# Getting repeated stressed flashbacks from the past



## cbachinger (Sep 13, 2007)

When i began going out with an ex 3 years ago, i felt so happy that i had met a woman with such beauty, knowledge, excitement, charisma, energy and not shy to express herself.

The problems began 2 months later when i had many unknown flaws at the time that portrayed me as clumsy, unaware, slow on thinking amongst others and these severely tested us.
She was also a very domineering person and whenever i did things wrong or that she didnt like, she would give me such a response that i would crawl into my shell and prefer to stay there the rest of the day.
After we broke up, i had time to think and came to the conclusion that I found her selfish; if i didnt like it, she would look at me as if i had no right to tell her that.

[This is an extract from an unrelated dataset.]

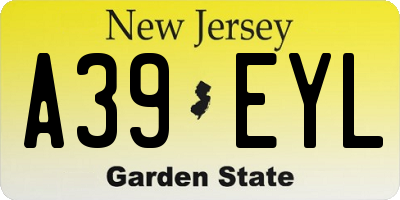 NJ license plate A39EYL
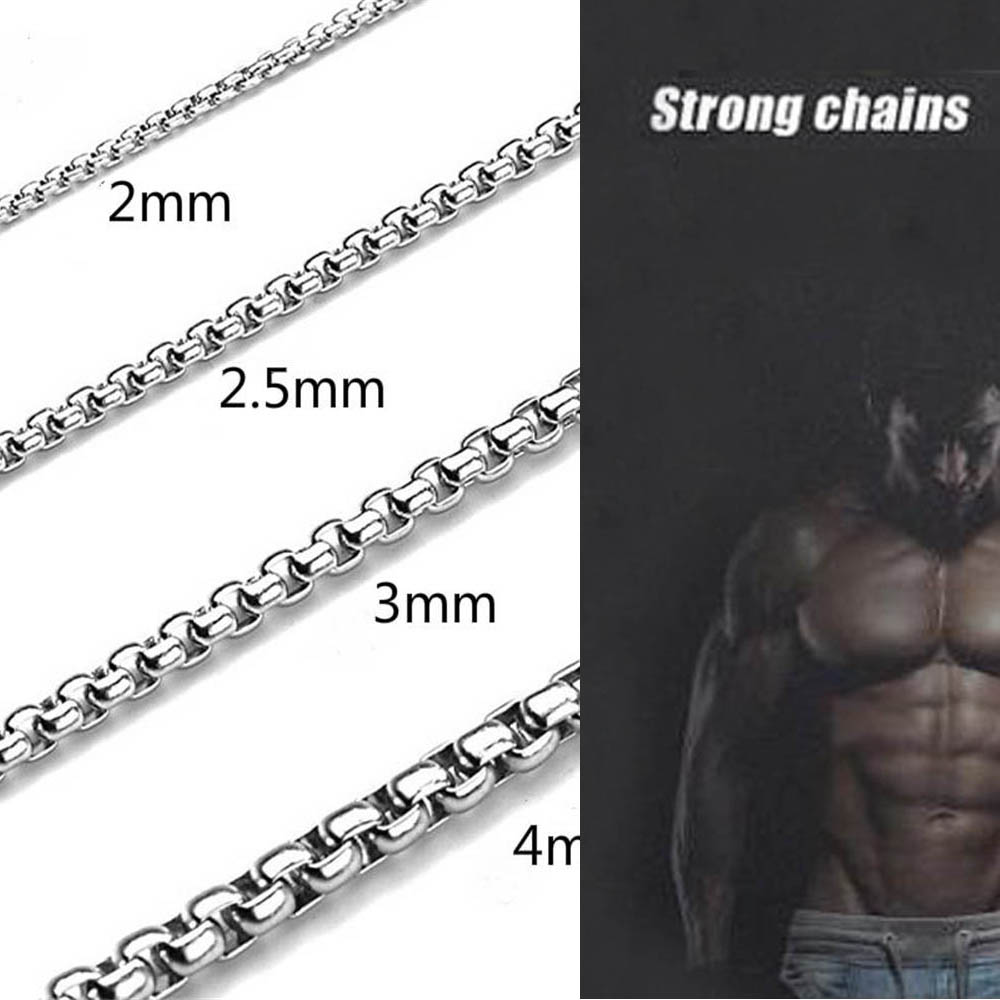 Cool Women Men Silver Color Stainless Steel Necklace Statement 2mm/2.5mm/3mm/3.5mm/4mm Chain Necklace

If i was really tired and wanted to sleep, her answer was "fine! leave me awake and alone then - be like that!' and the one night she finally went to bed after she told me to stay awake, i just collapsed and my eyes were tearing abit - she wanted to make love to me and i tried to move too but i just didnt have the energy and she said "fine!" and abruptedly rolled over. But i was too tired to feel bad. I couldnt understand that she didnt notice.
She once said, "my exs could last longer than you can, why cant you? That sank me to the bottom of the ocean (((( I eventually blamed my stress from her that i couldnt last long enough for her. Also once we went with another friend couple to a nearby town for the weekend. The next morning our friends went for breakfast and i asked my ex if she was ready - 'i am not hungry'. I said fine and i will join our friends and see you later. I went to kiss her and she completely ignored it. I asked her whats wrong and she just said 'go and have your breakfast'. She was angry with me for 2 hours after that. She never answered why but i knew it was because i left her for breakfast because i was hungry. When 2 hours were up she said 'i am hungry, lets go to the cafe over there'. our friends and i were full from breakfast and so not thinking i said 'you are hungry?' she erupted saying that she had no breakfast. Now whose fault was that? I felt i had been whipped for no reason. I even once heard her and a friend as i entered our hotel school room saying that why she gives me so much ****. She announced my flaws and that just helped me confidnce again (sarcastic). I smiled and pretended not to have heard. I kissed her on the lips and carried on.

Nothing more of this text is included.